# Algorithm Analysis

A simple runtime analysis example. Notice that in each version of the algorithm, we count the steps (to empirically verify the different in runtime)

In [2]:
def disjoint1(A, B, C):
    """Return True if there is no element common to all three lists."""
    i=0
    for a in A:
        for b in B:
            for c in C:
                i += 1
                if a == b == c:
                    print('took {} steps'.format(i))
                    return False # we found a common value
    print('took {} steps'.format(i))
    return True

In [3]:
def disjoint2(A, B, C):
    """Return True if there is no element common to all three lists."""
    i=0
    for a in A:
        for b in B:
            i += 1
            if a == b: # only check C if we found match from A and B
                for c in C:
                    i += 1
                    if a == c: # (and thus a == b == c)
                        print('took {} steps'.format(i))
                        return False # we found a common value
    print('took {} steps'.format(i))
    return True # if we reach this, sets are disjoint

`disjoint1` should take $O(n^3)$ steps to run, why?

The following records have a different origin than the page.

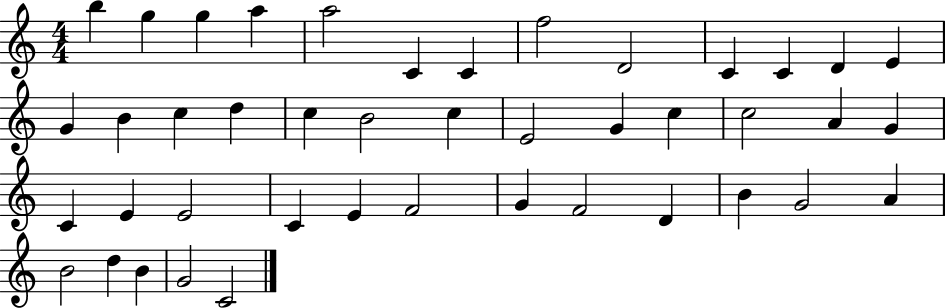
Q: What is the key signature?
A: C major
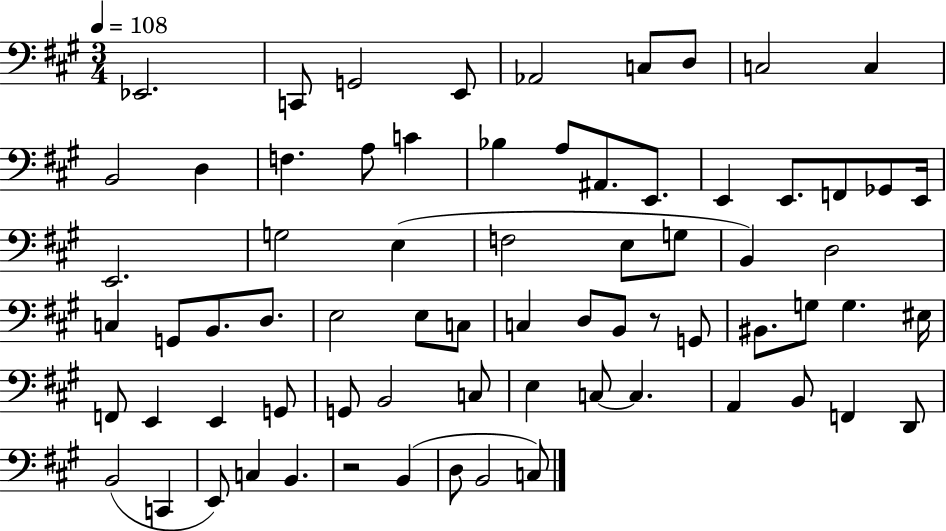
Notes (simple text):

Eb2/h. C2/e G2/h E2/e Ab2/h C3/e D3/e C3/h C3/q B2/h D3/q F3/q. A3/e C4/q Bb3/q A3/e A#2/e. E2/e. E2/q E2/e. F2/e Gb2/e E2/s E2/h. G3/h E3/q F3/h E3/e G3/e B2/q D3/h C3/q G2/e B2/e. D3/e. E3/h E3/e C3/e C3/q D3/e B2/e R/e G2/e BIS2/e. G3/e G3/q. EIS3/s F2/e E2/q E2/q G2/e G2/e B2/h C3/e E3/q C3/e C3/q. A2/q B2/e F2/q D2/e B2/h C2/q E2/e C3/q B2/q. R/h B2/q D3/e B2/h C3/e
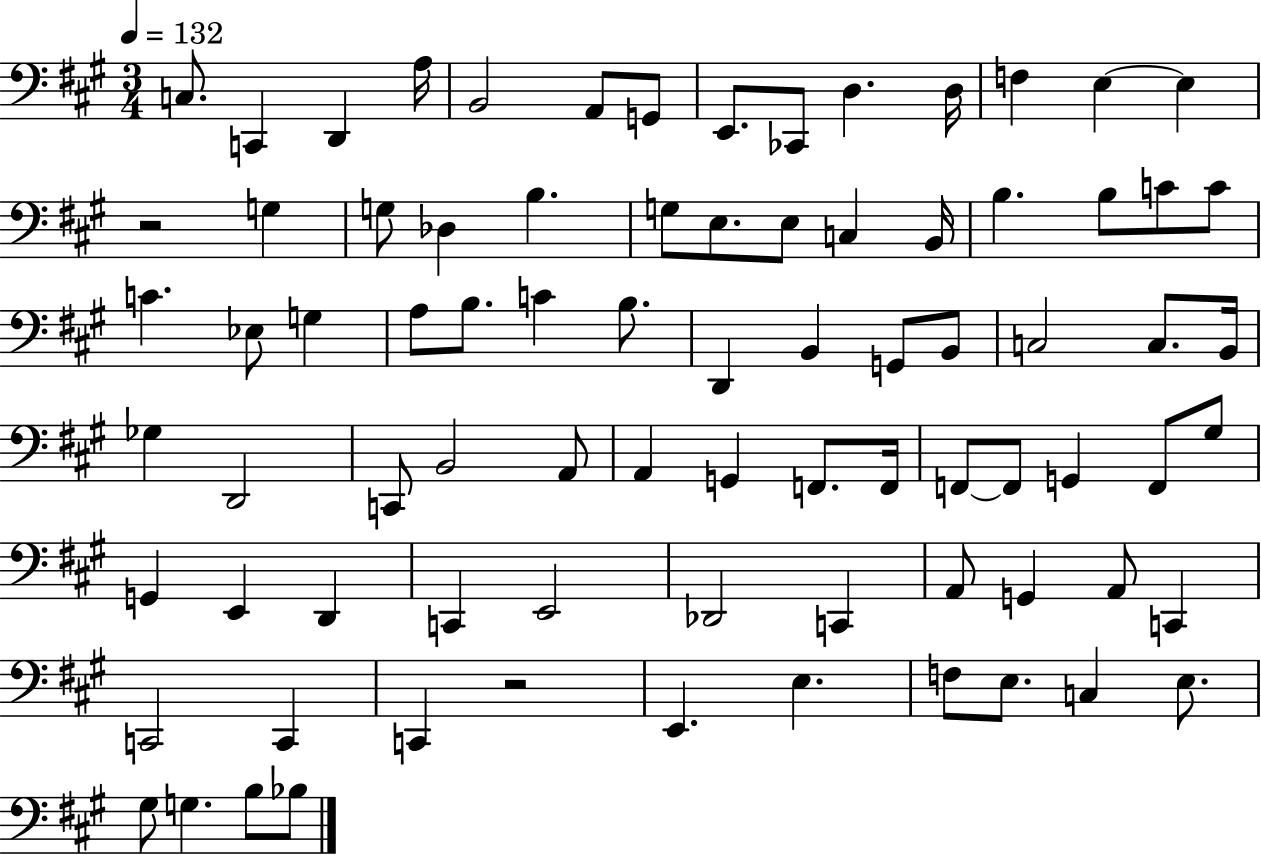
{
  \clef bass
  \numericTimeSignature
  \time 3/4
  \key a \major
  \tempo 4 = 132
  c8. c,4 d,4 a16 | b,2 a,8 g,8 | e,8. ces,8 d4. d16 | f4 e4~~ e4 | \break r2 g4 | g8 des4 b4. | g8 e8. e8 c4 b,16 | b4. b8 c'8 c'8 | \break c'4. ees8 g4 | a8 b8. c'4 b8. | d,4 b,4 g,8 b,8 | c2 c8. b,16 | \break ges4 d,2 | c,8 b,2 a,8 | a,4 g,4 f,8. f,16 | f,8~~ f,8 g,4 f,8 gis8 | \break g,4 e,4 d,4 | c,4 e,2 | des,2 c,4 | a,8 g,4 a,8 c,4 | \break c,2 c,4 | c,4 r2 | e,4. e4. | f8 e8. c4 e8. | \break gis8 g4. b8 bes8 | \bar "|."
}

* the outermost loop is $O(n)$
* for each of the $O(n)$ iterations, another loop is run, which is $O(n)$ (so $O(n^2)$ total)
* for each of $O(n^2)$ iterations, a third loop is run, for a total of $O(n^3)$ iterations

In [4]:
disjoint1({1,2,3,4,5},{6,7,8,9,10},{11,12,13,14,15})
#dis.dis(disjoint1)

took 125 steps


True

`disjoint2` should take $O(n^2)$ steps to run, why?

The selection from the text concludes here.